EXERCISE OBJECTIVE:
What lines in the data hold the string "from"? Show them.

DATA TO PROCESS:

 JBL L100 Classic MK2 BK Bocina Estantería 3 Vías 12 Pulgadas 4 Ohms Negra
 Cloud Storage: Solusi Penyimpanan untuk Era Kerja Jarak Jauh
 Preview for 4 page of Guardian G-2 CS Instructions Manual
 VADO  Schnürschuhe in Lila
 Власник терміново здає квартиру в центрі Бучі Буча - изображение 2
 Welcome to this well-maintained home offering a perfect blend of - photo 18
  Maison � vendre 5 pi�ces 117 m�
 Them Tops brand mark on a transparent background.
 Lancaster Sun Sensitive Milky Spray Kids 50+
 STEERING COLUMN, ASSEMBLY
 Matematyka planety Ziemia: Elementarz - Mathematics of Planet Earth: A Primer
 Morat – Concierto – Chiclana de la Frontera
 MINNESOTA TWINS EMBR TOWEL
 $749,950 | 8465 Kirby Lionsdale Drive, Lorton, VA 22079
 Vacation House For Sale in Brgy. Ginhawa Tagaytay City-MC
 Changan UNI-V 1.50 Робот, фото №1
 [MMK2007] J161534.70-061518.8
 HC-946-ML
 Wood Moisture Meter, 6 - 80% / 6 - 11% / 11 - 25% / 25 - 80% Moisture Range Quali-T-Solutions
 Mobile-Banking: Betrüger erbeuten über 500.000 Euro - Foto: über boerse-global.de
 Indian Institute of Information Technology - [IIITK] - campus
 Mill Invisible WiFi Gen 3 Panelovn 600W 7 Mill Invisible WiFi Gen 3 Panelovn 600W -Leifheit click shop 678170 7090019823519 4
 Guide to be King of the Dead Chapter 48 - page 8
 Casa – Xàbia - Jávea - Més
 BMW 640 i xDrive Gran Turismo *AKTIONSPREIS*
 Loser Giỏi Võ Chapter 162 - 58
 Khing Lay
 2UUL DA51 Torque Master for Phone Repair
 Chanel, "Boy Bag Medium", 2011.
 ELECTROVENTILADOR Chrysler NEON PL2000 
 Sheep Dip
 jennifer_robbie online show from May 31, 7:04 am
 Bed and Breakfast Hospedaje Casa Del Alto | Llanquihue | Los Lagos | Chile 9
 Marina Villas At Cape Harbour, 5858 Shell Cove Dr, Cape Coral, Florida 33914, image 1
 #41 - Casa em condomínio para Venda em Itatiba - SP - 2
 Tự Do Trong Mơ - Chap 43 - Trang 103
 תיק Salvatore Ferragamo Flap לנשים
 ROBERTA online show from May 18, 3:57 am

EXERCISE RESPONSE:
 jennifer_robbie online show from May 31, 7:04 am
 ROBERTA online show from May 18, 3:57 am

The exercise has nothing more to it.